GSHI is in need of two things.
-First, it is need of direction and definition.
Years ago, GSHI was born as a site supporting hacking devices that were corporately backed. This presented its own annoyances, but more importantly, it meant that there was sufficient monetary incentive to attract the dedicated time and efforts of highly skilled developers, reverse engineers, and hackers (all of which were each of which). These diligent and clever minds built the hacking systems that catalyzed the 'Golden Age' of video game hacking, opened the minds of thousands of young people in both a general and specialized sense, and spoiled us by allowing us to concentrate on the, comparatively, easy parts of hacking.
Today, there is essentially no corporate backing for hacking systems. When faced with the realization that, if we are to continue this hacking scene, we must develop our own hacking systems, we pooled our mental assets together, shared research, experimentation, source code, and raw, trial-and-error labor, and emerged with such systems as GCNrd, Artemis/PS2rd, CWCheat, WiiRD, and the like. These are great accomplishments, many of which are still ongoing projects striving for improvement to this day. But most of them are slow in the making, sit dormant for months at a time, and never reach the potential hoped for.

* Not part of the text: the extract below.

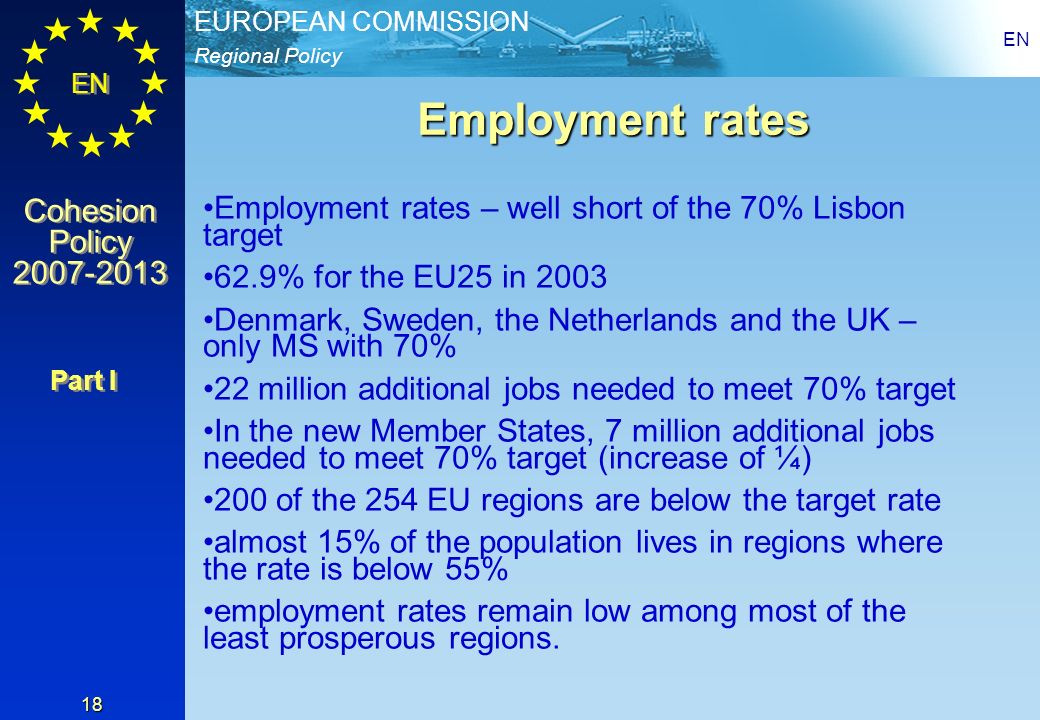 EN Employment rates. Employment rates – well short of the 70% Lisbon target. 62.9% for the EU25 in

The obvious reason for this is that the veritable geniuses involved in the creation of such software often have to work full-time jobs, or go to high school or college, and in any case, they are not being compensated for their rather immense workloads.
I'm putting all this forth, not with the implication that we are going about this the wrong way, but to illustrate that we must recognize the main obstacle to pulling the hacking scene out of the ashes: that our pioneers of ingenuity are not being adequately compensated for their efforts. Thus:
1. We must finally develop a working system of donation, incentive-based task accomplishment, and paid requests for hacking system functionality, for which we will require a highly-interested user base, willing to make such investments and confident that the developers will produce a product worthy of their contributions.

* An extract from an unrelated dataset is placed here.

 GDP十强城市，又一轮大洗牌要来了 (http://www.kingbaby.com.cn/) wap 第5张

2. We must aggressively build awareness in the general public of the fascinating, entertaining, and enlightening arena of video game hacking, including the need for more developers and better incentive systems to attract, motivate, and retain them.
3. We must actively recruit developers to the cause, both as the unpaid trailblazers we see today, and the compensated ones we envision tomorrow.
4. We must concentrate on relevant platforms, including both the obvious - current generation video game consoles - and other, more pervasive platforms, such as mobile devices (those running Apple's IOS, Google's AndroidOS, HP's WebOS, etc).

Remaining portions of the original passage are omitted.